** MATERIALS PROVIDED follows **

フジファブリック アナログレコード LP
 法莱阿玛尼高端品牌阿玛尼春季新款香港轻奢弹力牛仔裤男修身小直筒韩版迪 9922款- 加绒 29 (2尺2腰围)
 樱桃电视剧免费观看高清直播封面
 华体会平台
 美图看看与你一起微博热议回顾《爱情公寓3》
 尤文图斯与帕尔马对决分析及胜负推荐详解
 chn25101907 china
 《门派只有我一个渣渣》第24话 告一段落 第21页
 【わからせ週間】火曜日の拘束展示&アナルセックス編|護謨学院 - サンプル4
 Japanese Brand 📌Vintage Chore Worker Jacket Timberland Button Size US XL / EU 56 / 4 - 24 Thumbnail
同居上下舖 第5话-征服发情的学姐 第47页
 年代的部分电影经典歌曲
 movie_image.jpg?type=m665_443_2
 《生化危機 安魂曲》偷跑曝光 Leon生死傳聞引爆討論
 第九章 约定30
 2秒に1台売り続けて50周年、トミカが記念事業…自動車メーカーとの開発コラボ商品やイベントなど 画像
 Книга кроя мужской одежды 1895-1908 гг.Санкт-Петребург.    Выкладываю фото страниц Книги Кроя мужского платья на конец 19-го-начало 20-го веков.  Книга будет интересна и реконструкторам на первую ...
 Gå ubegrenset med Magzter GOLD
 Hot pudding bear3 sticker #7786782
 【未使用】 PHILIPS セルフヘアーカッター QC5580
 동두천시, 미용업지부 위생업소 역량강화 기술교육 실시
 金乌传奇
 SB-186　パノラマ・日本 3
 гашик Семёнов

** End of MATERIALS PROVIDED **

* _WHAT YOU HAVE TO DO_: What is asked for is an exact copy of the lines above from the one containing "chn25101907 china" through the one containing "PHILIPS セルフヘアーカッター QC5580", and only those.

* _EXPECTED OUTPUT_:
 chn25101907 china
 《门派只有我一个渣渣》第24话 告一段落 第21页
 【わからせ週間】火曜日の拘束展示&アナルセックス編|護謨学院 - サンプル4
 Japanese Brand 📌Vintage Chore Worker Jacket Timberland Button Size US XL / EU 56 / 4 - 24 Thumbnail
同居上下舖 第5话-征服发情的学姐 第47页
 年代的部分电影经典歌曲
 movie_image.jpg?type=m665_443_2
 《生化危機 安魂曲》偷跑曝光 Leon生死傳聞引爆討論
 第九章 约定30
 2秒に1台売り続けて50周年、トミカが記念事業…自動車メーカーとの開発コラボ商品やイベントなど 画像
 Книга кроя мужской одежды 1895-1908 гг.Санкт-Петребург.    Выкладываю фото страниц Книги Кроя мужского платья на конец 19-го-начало 20-го веков.  Книга будет интересна и реконструкторам на первую ...
 Gå ubegrenset med Magzter GOLD
 Hot pudding bear3 sticker #7786782
 【未使用】 PHILIPS セルフヘアーカッター QC5580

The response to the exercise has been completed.